$\int_C|f_n(z)||dz|\leq M$ for each $f_n$. Prove $\{f_n\}$ has a subsequence converging uniformly on compact subsets of $D$.

Question: Let $\{f_n\}$ be a sequence of analytic functions in a domain $D\subseteq\mathbb{C}$, and suppose there exists a positive constant $M$ such that $\int_C|f_n(z)||dz|\leq M$ for each $f_n$ and for every circle $C$ lying in $D$. Prove that $\{f_n\}$ has a subsequence converging uniformly on compact subsets of $D$.

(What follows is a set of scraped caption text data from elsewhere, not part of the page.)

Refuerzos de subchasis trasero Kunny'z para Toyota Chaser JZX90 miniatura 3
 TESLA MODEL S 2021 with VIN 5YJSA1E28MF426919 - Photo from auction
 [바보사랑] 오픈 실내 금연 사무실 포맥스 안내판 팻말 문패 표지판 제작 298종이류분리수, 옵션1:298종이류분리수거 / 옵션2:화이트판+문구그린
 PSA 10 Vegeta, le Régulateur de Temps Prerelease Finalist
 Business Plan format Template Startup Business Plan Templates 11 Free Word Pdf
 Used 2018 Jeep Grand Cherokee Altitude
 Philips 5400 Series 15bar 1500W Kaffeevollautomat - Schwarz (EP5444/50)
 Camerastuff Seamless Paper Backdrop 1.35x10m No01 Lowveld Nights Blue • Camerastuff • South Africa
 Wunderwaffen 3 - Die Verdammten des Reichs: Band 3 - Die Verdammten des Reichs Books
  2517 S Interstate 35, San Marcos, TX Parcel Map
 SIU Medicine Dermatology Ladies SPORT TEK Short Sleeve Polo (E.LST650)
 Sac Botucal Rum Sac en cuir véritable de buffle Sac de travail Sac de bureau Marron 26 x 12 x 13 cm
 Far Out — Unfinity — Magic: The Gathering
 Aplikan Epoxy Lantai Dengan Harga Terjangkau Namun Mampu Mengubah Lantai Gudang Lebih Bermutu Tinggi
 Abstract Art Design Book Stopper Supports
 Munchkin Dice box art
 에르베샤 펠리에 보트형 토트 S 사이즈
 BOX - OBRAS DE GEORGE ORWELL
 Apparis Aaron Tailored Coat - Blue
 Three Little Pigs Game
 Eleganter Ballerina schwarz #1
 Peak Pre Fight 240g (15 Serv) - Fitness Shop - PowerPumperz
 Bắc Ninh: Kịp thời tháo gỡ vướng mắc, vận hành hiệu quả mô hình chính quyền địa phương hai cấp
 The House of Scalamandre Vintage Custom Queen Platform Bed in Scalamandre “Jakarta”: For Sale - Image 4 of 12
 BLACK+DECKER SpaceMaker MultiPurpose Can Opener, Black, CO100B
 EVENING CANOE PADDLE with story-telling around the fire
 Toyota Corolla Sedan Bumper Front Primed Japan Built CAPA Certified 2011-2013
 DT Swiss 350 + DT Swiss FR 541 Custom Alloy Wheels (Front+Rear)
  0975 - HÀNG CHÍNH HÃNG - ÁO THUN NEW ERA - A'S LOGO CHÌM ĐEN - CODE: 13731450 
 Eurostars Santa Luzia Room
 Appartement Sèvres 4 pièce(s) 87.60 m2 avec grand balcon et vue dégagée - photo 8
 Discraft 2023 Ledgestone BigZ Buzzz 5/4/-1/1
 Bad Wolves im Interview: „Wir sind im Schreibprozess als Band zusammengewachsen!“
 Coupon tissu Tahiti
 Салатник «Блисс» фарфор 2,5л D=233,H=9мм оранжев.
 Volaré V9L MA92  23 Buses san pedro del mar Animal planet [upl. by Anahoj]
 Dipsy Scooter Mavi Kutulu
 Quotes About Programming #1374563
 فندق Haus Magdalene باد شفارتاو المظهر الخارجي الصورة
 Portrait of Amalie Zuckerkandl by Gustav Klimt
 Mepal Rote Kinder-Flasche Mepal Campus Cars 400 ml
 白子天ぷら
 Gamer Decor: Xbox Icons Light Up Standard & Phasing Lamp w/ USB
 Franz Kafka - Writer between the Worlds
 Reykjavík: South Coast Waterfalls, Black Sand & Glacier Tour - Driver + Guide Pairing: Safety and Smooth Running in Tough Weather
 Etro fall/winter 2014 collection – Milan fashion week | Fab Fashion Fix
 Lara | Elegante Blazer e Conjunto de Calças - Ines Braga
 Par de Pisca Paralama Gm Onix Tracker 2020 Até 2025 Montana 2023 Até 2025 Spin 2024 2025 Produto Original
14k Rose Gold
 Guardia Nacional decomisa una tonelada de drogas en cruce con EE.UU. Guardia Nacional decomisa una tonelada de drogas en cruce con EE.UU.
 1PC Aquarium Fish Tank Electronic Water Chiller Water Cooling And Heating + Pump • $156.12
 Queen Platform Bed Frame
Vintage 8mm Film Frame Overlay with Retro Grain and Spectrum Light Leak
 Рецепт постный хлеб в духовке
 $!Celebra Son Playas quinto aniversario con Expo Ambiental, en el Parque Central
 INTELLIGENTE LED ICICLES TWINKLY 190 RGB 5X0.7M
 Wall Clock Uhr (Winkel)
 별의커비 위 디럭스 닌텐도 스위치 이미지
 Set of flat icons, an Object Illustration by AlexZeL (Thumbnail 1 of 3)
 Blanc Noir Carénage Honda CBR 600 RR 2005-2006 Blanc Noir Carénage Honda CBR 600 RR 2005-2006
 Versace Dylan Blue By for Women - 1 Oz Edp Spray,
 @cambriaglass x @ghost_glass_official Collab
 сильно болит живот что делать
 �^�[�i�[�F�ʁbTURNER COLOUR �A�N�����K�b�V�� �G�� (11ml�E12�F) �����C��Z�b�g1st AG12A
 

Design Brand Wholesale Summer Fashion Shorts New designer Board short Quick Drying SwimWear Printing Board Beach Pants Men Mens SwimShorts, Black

Thoughts: I was thinking this was maybe somewhat similar to infinite product stuff where if you want to show that an infinite product converges absolutely on every compact set then you sum that the sum of the log of the stuff we're taking the infinite product of is bounded, but I don't think thats right. My next though was maybe talking about the derivatives of $f_n$, and using Cauchy to bound each derivative and if we can bound each derivative by a constant, then we can get $f_n$ to converge to some polynomial... but that wasn't coming out to anything. So, I wasn't sure where to go from there. Any help would be greatly appreciated! Maybe max mod?

Solution 1:

Hints: If $K$ is a compact subset of $D$ then there exists $r>0$ such that for each point $z$ of $K$ the disk $D(z,r)$ is contained in $D$. Analytic functions have mean value property: $f(z)$ is the average of $f$ over any circle around $z$ contained in $D$. It follows from these that the given family $(f_n)$ is bounded on compact sets. Hence, it is normal family, so there is a subsequence which converges uniformly on compact subsets.